Following the fire, the City became a more marked commercial centre under the Lord Mayor. The gentry chose to make their homes to the West, in Covent Garden and Lincoln's Inn Fields and further out as time progressed. At the end of Charles II's reign, there were practically no fashionable addresses left within the City.

The fire also highlighted the need for public services. Until then, each householder had held responsibility for lighting, repairing and cleaning the street in front of his house and policing his area as part of 'the watch'. The Sewers Act of 1671 created the Commissioners of Sewers, a body responsible for the upkeep, drainage and cleanliness of London's streets. To finance this they were given the right to charge rates.

Charles II was the last monarch to dare to limit the long-established liberties of the City of London, removing several aldermen and officers in 1683, under the writ Quo Warranto. He was to replace these men and their mayor with his own people for some years. However, these actions were always legally suspect and it later appeared that the King had even had to remove two King's Bench Judges in order to gain approval. On Charles II's death on 6th February 1685, King James II came to the throne and during his short, turbulent reign the City regained its full autonomy.

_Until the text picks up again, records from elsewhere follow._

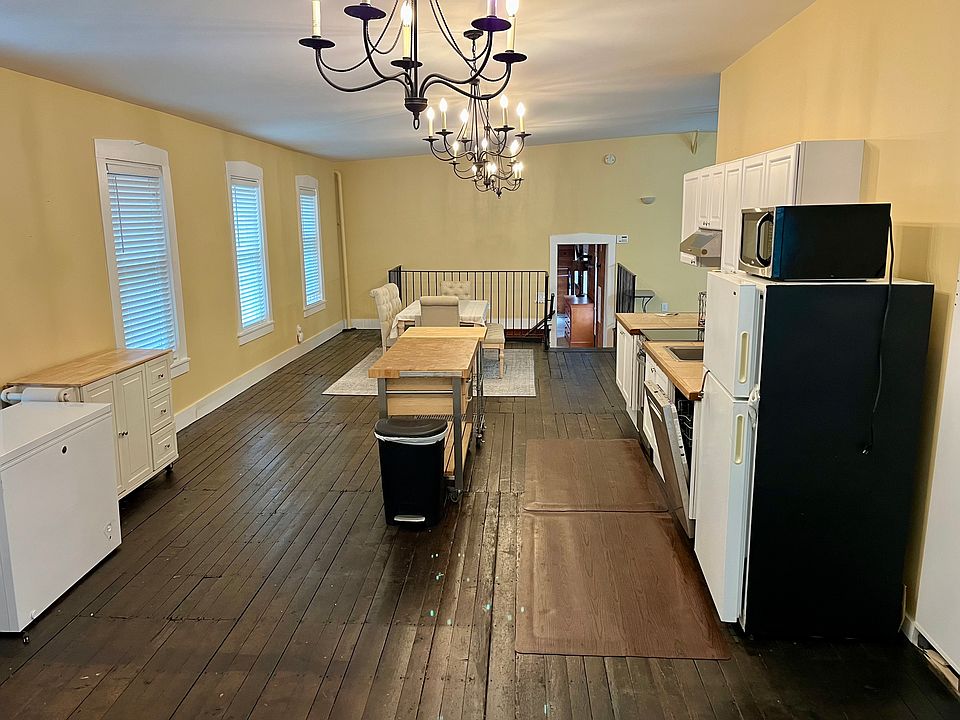 Kitchen area (View from opposite end of the stairwell. Fridge, microwave, kitchen counter, sink, stove/4 electric range unit, hood, Bosch dishwasher, cabinets on the right, both islands included, box freezer is not. The open door is the bedroom area)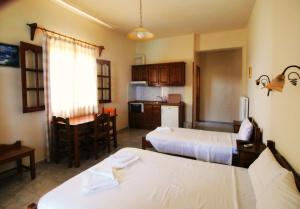 霍里顿图丽曼纳奇旅馆的带两张床的房间和带桌子的厨房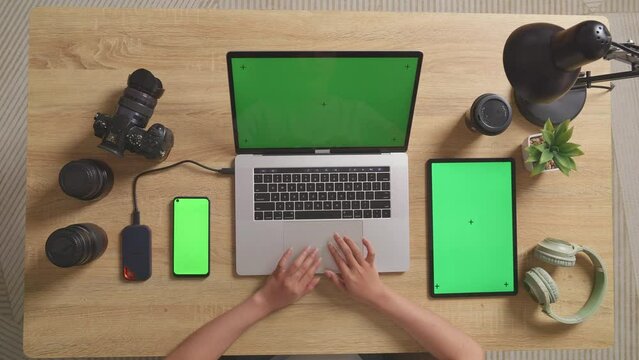 Top View Zoom Out Shot Of A Woman Video Editor Using Green Screen Laptop With Green Screen Smartphone And Tablet Next To The Camera In The Workspace At Home
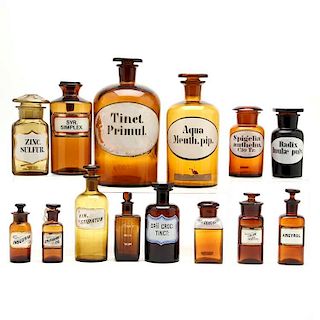 An Assembled Group of Amber Apothecary Bottles 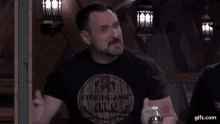 a man with a beard is sitting at a table holding a water bottle and asking who are you .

On James II's flight in December 1688, Guildhall was chosen as a stronghold from where the men of power could prepare the Declaration of Allegiance to the Prince of Orange. Prince William was welcomed by the City and, indeed, the Lord Mayor, aldermen and 50 representatives of the common council were all invited to the authoritative assembly which was called upon his arrival. With his wife, Queen Mary, he favoured Hampton Court as his chief Royal Residence. It was much rebuilt by Sir Christopher Wren but, luckily, lack of money meant that much of his grandiose scheme was abandoned and the older Tudor buildings survived. The couple also bought Nottingham House from their Secretary of State and turned it into Kensington Palace. Thes palaces were also favourites of Queen Anne.